Our public discourse has gone into the gutter. Common decency and respect for people with different opinions or ideas has been rejected at the very highest levels of American political leadership.
For too many of us on both sides, our idea of debating the issues has turned into juvenile personal attacks and regurgitating half-true or completely made up nonsense from extremist websites. For the rest of us, who still hold onto the desire to grow as individuals and as a society through debate and the exchange ideas, we’re left doing so quietly in the shadows for fear of some single-minded, hate-filled partisan crashing a free-flow of a thoughtful exchange with boorishness and hate.

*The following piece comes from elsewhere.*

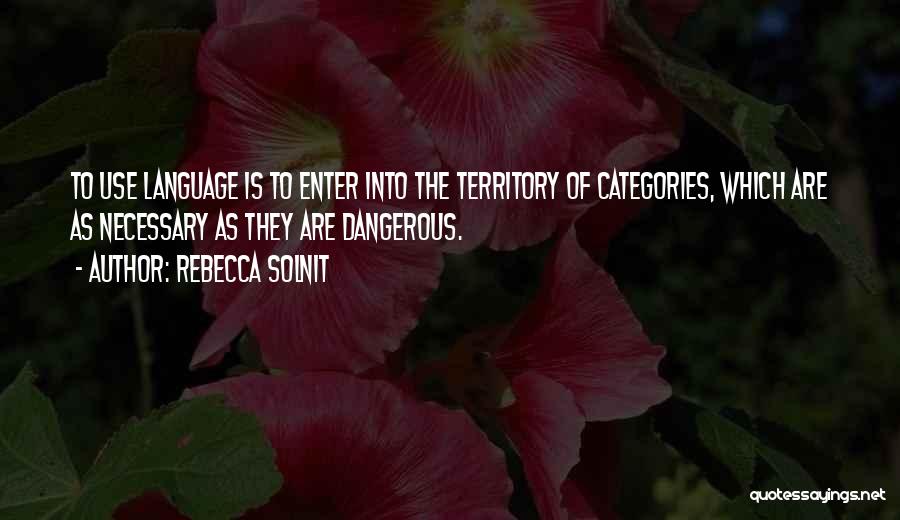 Rebecca Solnit Quotes: To Use Language Is To Enter Into The Territory Of Categories, Which Are As Necessary As They Are Dangerous.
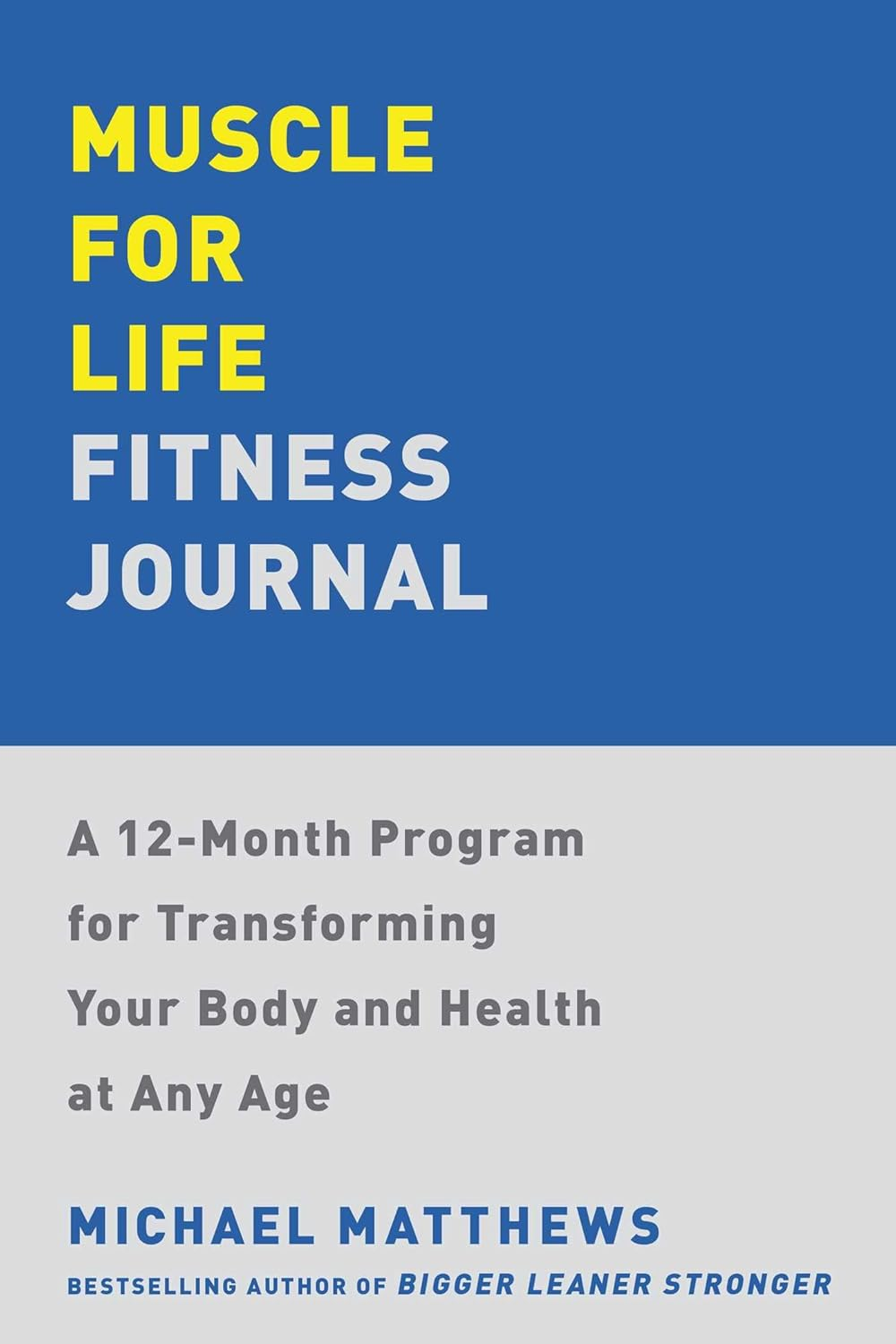 Muscle for Life Fitness Journal: a 12-Month Program for Transforming Your Body and Health at Any Age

The blow torch of burning hate flaming out of both sides has left most Americans huddled in the middle. Too many are watching their ways of life melted and singed by the conflagration of loathing growing in from each side, afraid to talk about the foolishness that is encroaching around them because acknowledging what is happening and trying to talk it through, is like dousing yourself with gasoline amidst the inferno.

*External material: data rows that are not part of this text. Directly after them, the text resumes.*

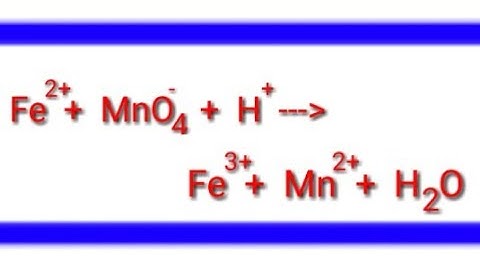 Balance redox reaction by ion electron method or half reaction method. Fe2++MnO4-+H+=Fe3++Mn2++H2O.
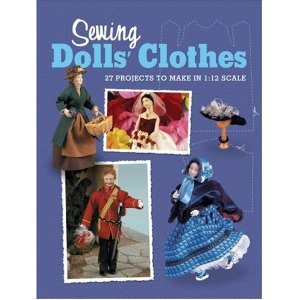 Sewing Dolls&apos; Clothes: 27 Projects to Make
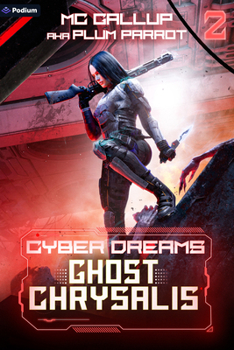 Paperback Ghost Chrysalis: A Dystopian Sci-Fi Adventure Book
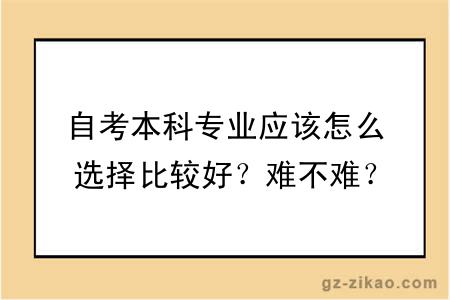 自考本科專(zhuān)業(yè)應該怎么選擇比較好？難不難？
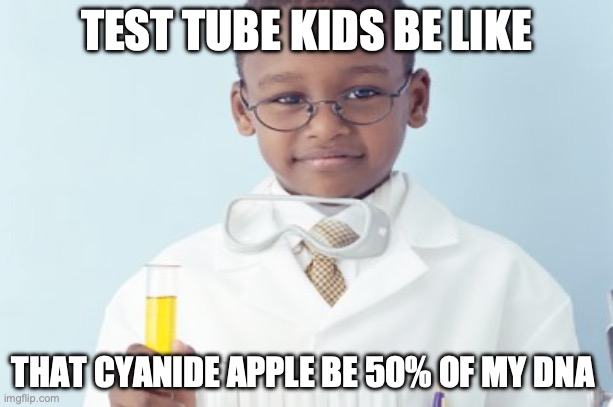 Test tube kids be like | TEST TUBE KIDS BE LIKE; THAT CYANIDE APPLE BE 50% OF MY DNA | image tagged in test tube kids,genetics,genetic engineering,genetics humor,science,test tube humor | made w/ Imgflip meme maker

This ridiculousness has been 24 years in the making. Mainstream, intense personal hatred for Bill Clinton begat mainstream, intense personal hatred for George W. Bush begat mainstream, intense personal hatred for Barack Obama.
Both candidates are tremendously flawed, even if his or her only flaw might be that at least 40% of the people in the country doesn’t trust, doesn’t like, can’t stand or maybe even hates one or the other.
Hate is never the answer. Stop the personal attacks. Just. Effing. Stop. It’s hate that is putting America on a ruinous course, not any one person or idea. We as individuals have to stop fueling this hate. We have to do it alone, each one of us, and hope that others will follow.
Christ never addressed the 2016 Presidential election, but he told his followers that the two most important things that people can do is love. And love is the opposite of hate.
“Teacher, which commandment in the law is the greatest?”
He said to him, “You shall love the Lord, your God, with all your heart, with all your soul, and with all your mind. This is the greatest and the first commandment. The second is like it: You shall love your neighbor as yourself. The whole law and the prophets depend on these two commandments.”
Hate ain’t cool. I’ll be voting accordingly, and I hope you do, too.